Ya cheque el voltaje, soldaduras, cables, conecciones y no hay falla. Los cis y transistores tampoco tienen falla.


----------



## DOSMETROS (Oct 21, 2017)

[Humor ON]

Si nada tiene falla ese equipo necesita un Brujo ?

[Humor OFF]

Potenciómetros ?


----------



## Pablo LB (Oct 21, 2017)

Buenas, yo creo que está fallando el IC9, el integrado que se encarga de conmutar entre canal limpio y saturado.

Saludos.


----------



## Molotov3x (Oct 23, 2017)

Pablo LB dijo:


> Buenas, yo creo que está fallando el IC9, el integrado que se encarga de conmutar entre canal limpio y saturado.
> 
> Saludos.



Ahora que lo mencionas, es cierto. El canal de distorcion si se escucha pero muuuy bajo y el canal limpio ya no se escucha absolutamente nada. Voy a volver a revisar ese integrado. Gracias!


----------



## Aoleta (Abr 24, 2021)

Tengo el mismo detalle pero con el *M*arshall mg102cfx*,* se escucha bajito pero cuando conecto el cable del celular al conector mp3 suena normal, solo sucede cuando conecto la guitarra.


----------



## Fogonazo (Abr 24, 2021)

Aoleta dijo:


> Tengo el mismo detalle pero con el *M*arshall mg102cfx*,* se escucha bajito pero cuando conecto el cable del celular al conector mp3 suena normal, solo sucede cuando conecto la guitarra.


¿ Circuito ?


----------



## Aoleta (Abr 24, 2021)

Que parte del circuito seria?


----------



## DOSMETROS (Abr 24, 2021)

Todo ! Diagrama , circuito completo . . .  cómo el del mensaje #2 , pero de tu modelo


----------



## Aoleta (Abr 24, 2021)

Este es el modelo más parecido


----------



## Fogonazo (Abr 24, 2021)

Aoleta dijo:


> Este es el modelo más parecido


El jack de entrada de guitarra posee múltiples contactos y derivaciones, revisa si todos lo hacen correctamente.
Posiblemente necesites una lupa para poder ver si los contactos cumplen con su cometido


----------



## emilio177 (Abr 24, 2021)

Pones una foto de la parte de entrada guitarra  suele soltarse dañarse quebrarse rajarse soldadura fría ..
Luego revisa voltaje de IC4


----------



## Aoleta (Abr 24, 2021)

El ic4 que valores me debe de dar y en valor lo mido
Revise el ic9 y ic12 en como continuidad y las tres terminales hace el pitido


----------



## Fogonazo (Abr 24, 2021)

Aoleta dijo:


> Ver el archivo adjunto 266392
> El ic4 que valores me debe de dar y en valor lo mido
> Revise el ic9 y ic12 en como continuidad y las tres terminales hace el pitido


¿ Estas seguro que ese es el jack de guitarra ?, ahí aparecen 2 conexiones pero en el circuito figuran muchas mas.

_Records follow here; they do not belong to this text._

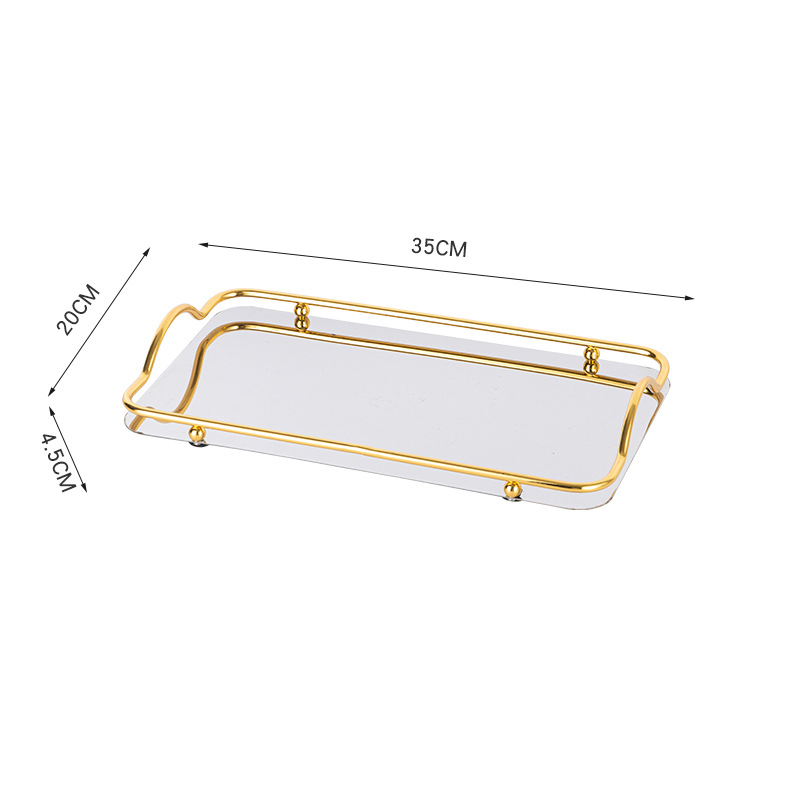 Luz dorada de lujo bandeja de acero inoxidable rectangular Hotel hogar taza de té taza de café postre taza de agua mesa de té de almacenamiento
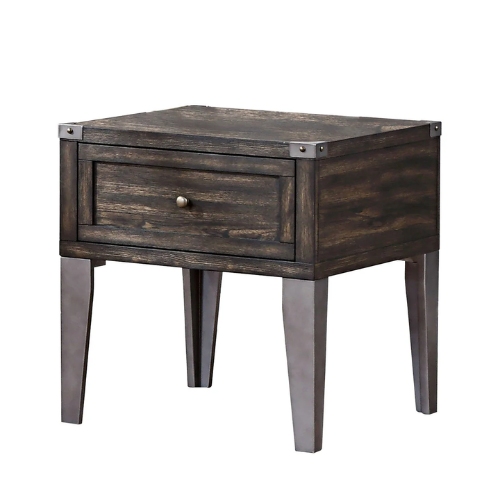 24” Tall Industrial Brown End Table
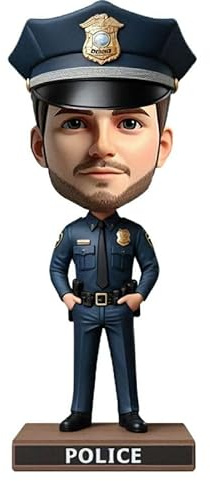 mydedor Individuelle Wackelkopf-Figur, individuelle Puppe, männlicher Polizist in Uniform, benutzerdefinierter Wackelkopf, Wackelkopf-Figuren, handgefertigt, personalisiertes Geschenk für erwachsenen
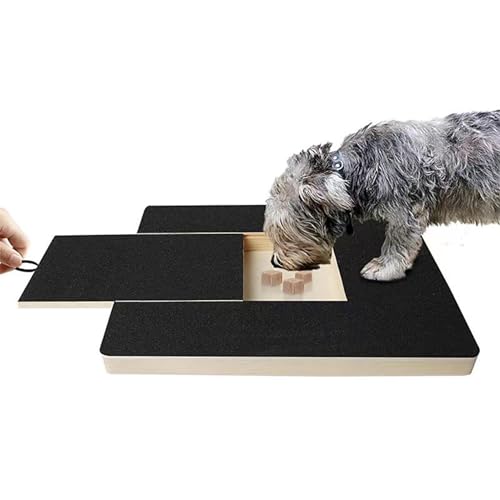 Hund Nagel Kratzbrett Feile Holz Kratzbrett Multifunktionale Kratzbretter mit Eingebauter Leckerli-Box, Stabile Hundepfoten Kratzbretter für Haustiere Nagelpflege von GSDGV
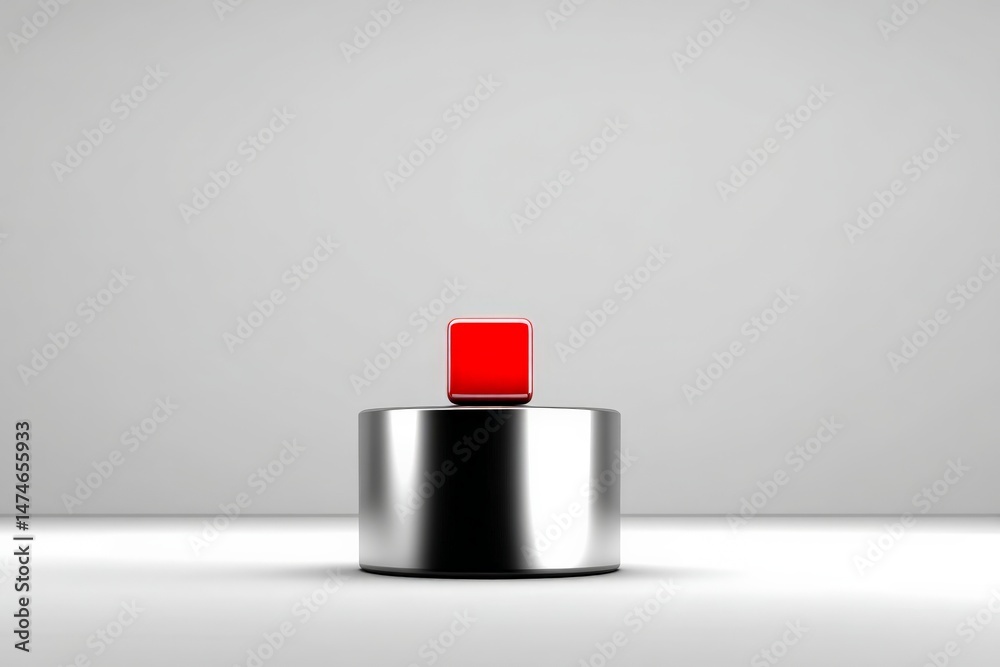 Leinwandbilder simple geometric composition featuring a red square atop a metallic cylinder against a neutral backg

Me mides en cualquier sitio continuidad, podrías dañar el multímetro o el circuito.


----------



## Aoleta (Abr 24, 2021)

Si a si viene el jack por dentro y se me hace raro por que viene montado en una placa y no como los otros amplificadores.


----------



## emilio177 (Abr 24, 2021)

Lo siento... yo me bajo de la moto... veo que tu nivel es demasiado bajo... pretender repararlo podría dañar y al final te va a salir mas caro la reparación..... 
Contrate  los servicios de un especialista...


----------



## switchxxi (Abr 24, 2021)

Aoleta dijo:


> Tengo el mismo detalle pero con el *M*arshall mg102cfx*,* se escucha bajito pero cuando conecto el cable del celular al conector mp3 suena normal, solo sucede cuando conecto la guitarra.



No veo porque dudar del amplificador y no de la guitarra y/o del cable. Prueba con otra guitarra o tu guitarra en otro amplificador para descartarla de la ecuación, lo mismo con el cable.


----------



## Aoleta (Abr 24, 2021)

Ya se hizo y funciona bien en otro equipo


----------